Data extracted from a collection
● ● ●

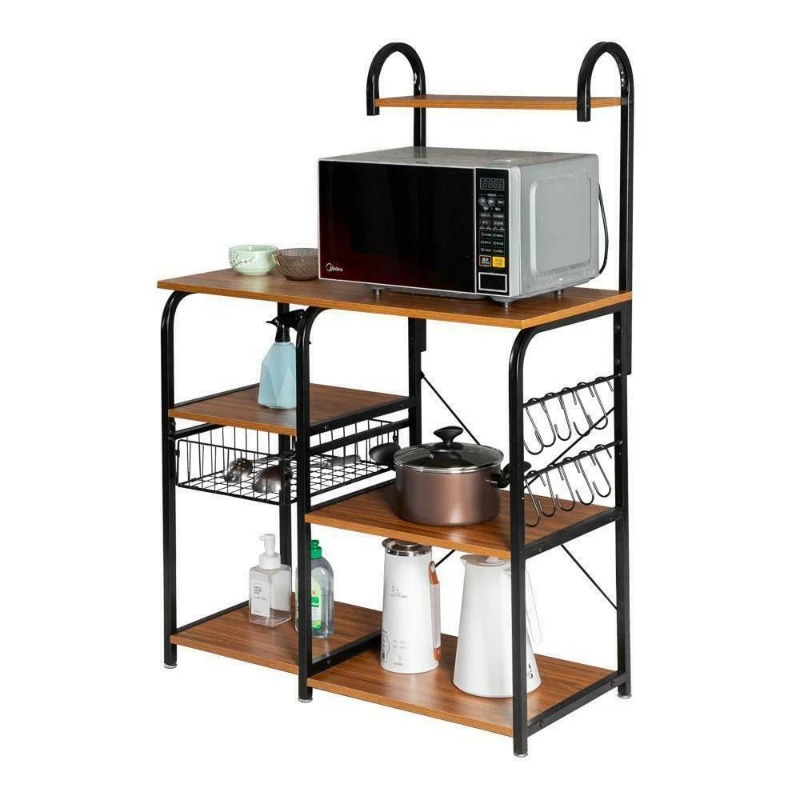 Healthy Premium Kitchen Microwave Storage Cart Stand 35.5 Elite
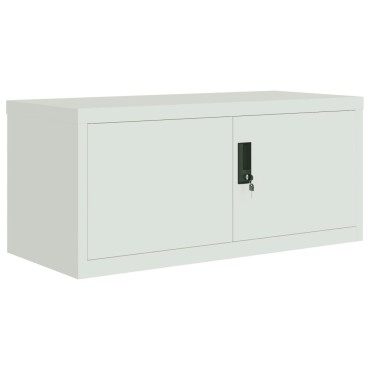 vidaXL Αρχειοθήκη Αν. Γκρι 90x40x130cm Ατσάλινη 2 τεμ.
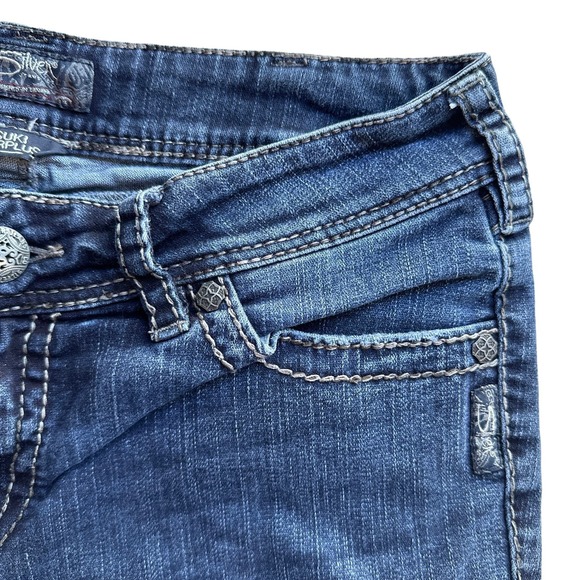 Silver Jeans Suki Surplus Blue Jeans Sz 32 - Picture 7 of 12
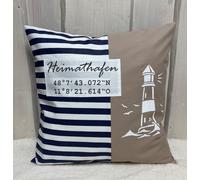 Cuscino Personalizzato Con Le Coordinate Della Tua Casa 40x40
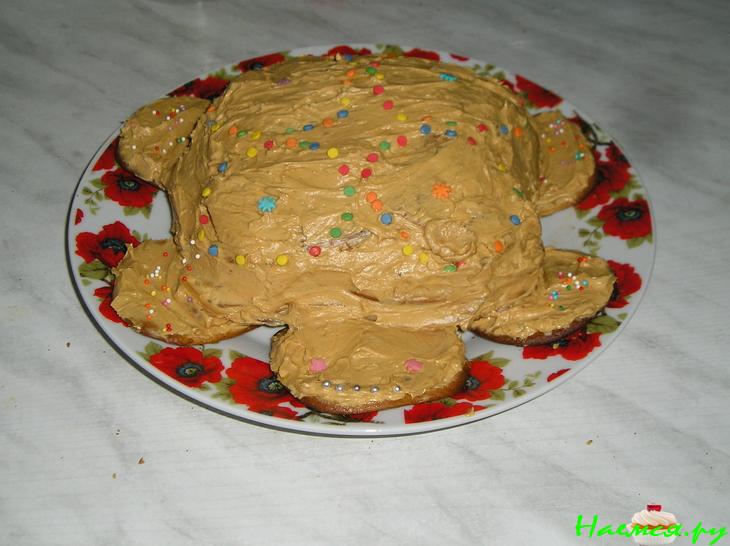 Торт со сгущенкой "Черепашка"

● ● ●

Goal of the exercise -
Repeat each record as given. No picture belongs in the copy.

Response to the task -
 Healthy Premium Kitchen Microwave Storage Cart Stand 35.5 Elite
 vidaXL Αρχειοθήκη Αν. Γκρι 90x40x130cm Ατσάλινη 2 τεμ.
 Silver Jeans Suki Surplus Blue Jeans Sz 32 - Picture 7 of 12
 Cuscino Personalizzato Con Le Coordinate Della Tua Casa 40x40
 Торт со сгущенкой "Черепашка"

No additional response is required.